The Festival revolves around the RHS Fruit & Vegetable Competition, which everyone can enter with their lovingly tended produce, and compete on the traditional criteria of size and uniformity.
Around the competition, however, a range of produce and products that are all about flavour and diversity: stands of gourmet food and drinks, heritage seed for sale, and - of course - Wisley apples (and fruit identification sessions).
Our job for the day was to core and slice apples from the orchard, and offer them for tasting to the visitors, who had the opportunity to buy them. It was the first time I had tasted so many different apples, in the attempt to remember their flavour to advise the customer, and they were irresistible!

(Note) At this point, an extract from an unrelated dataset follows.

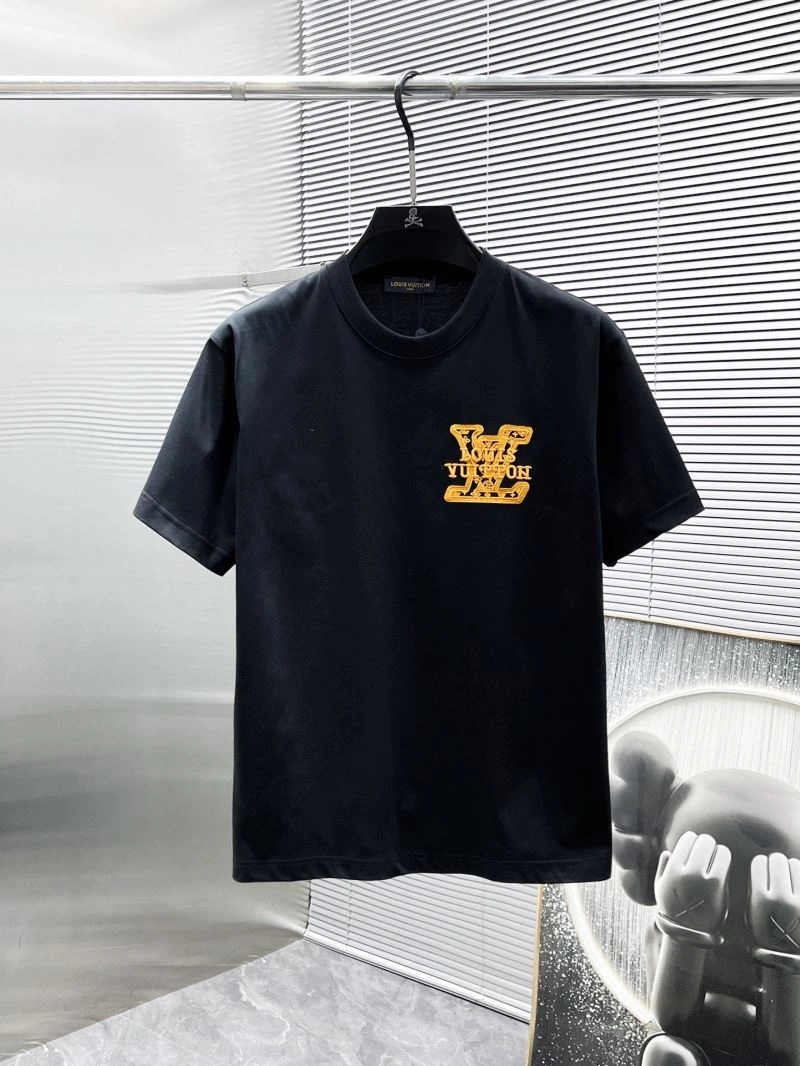 Louis Vuitton T-Shirts Versatile 134537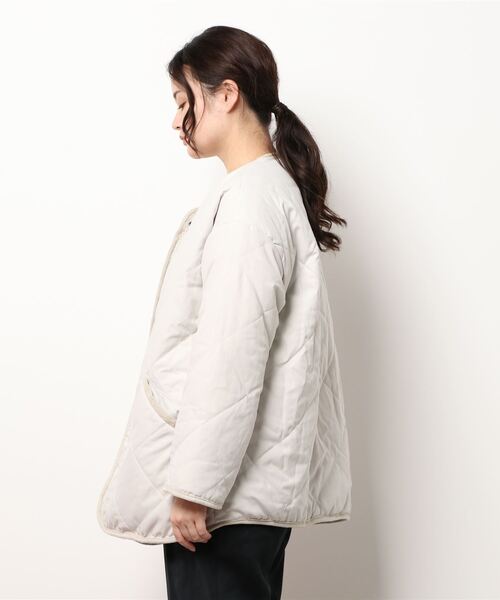 210nouve(トゥージュヌーブ)の「キルト×ボアリバーシブルジャケット(ノーカラージャケット・レディース・アイボリー/ライトカーキ/ベージュ/ブラック・FREE)」の7枚目の写真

I found that my favourite one at the end of the day was a cooking apple: tasty Bedfordshire Foundling, a cultivar that dates back to 1800 and whose looks have made it into History, and I mean the Natural History Museum, where it appears on a glyphograph.
When we display fruits at events, they come accompanied with a card describing them: their origin, flavour, their season of keeping in storage, and the pollination group, that is the time of flowering (as most apples are self-infertile, you need at least 2 varieties flowering at the same or at least partly overlapping time, in the vicinity, for pollination to lead to fruit set - 3 varieties if the apple cultivar is triploid). So here is how the card would look like for my favourite apple: the best sources for researching apples, and the ones I used for my card, are the National Fruit Collection, website Orange Pippin, and of course specialist nurseries that sell the variety (in this case Keepers Nursery).
Cultivar: Bedfordshire foundling
Origin: Thought to have originated in Bedfordshire, England in about 1800
Season: Oct-Dec
Pollination group: 3
Notes: Large, round fruit. Orange-red flush over yellowish green skin. Cream coloured flesh with a rich sweet-sharp flavour. Fruits are firm, juicy, a little coarse-textured and subacid. Cooks well.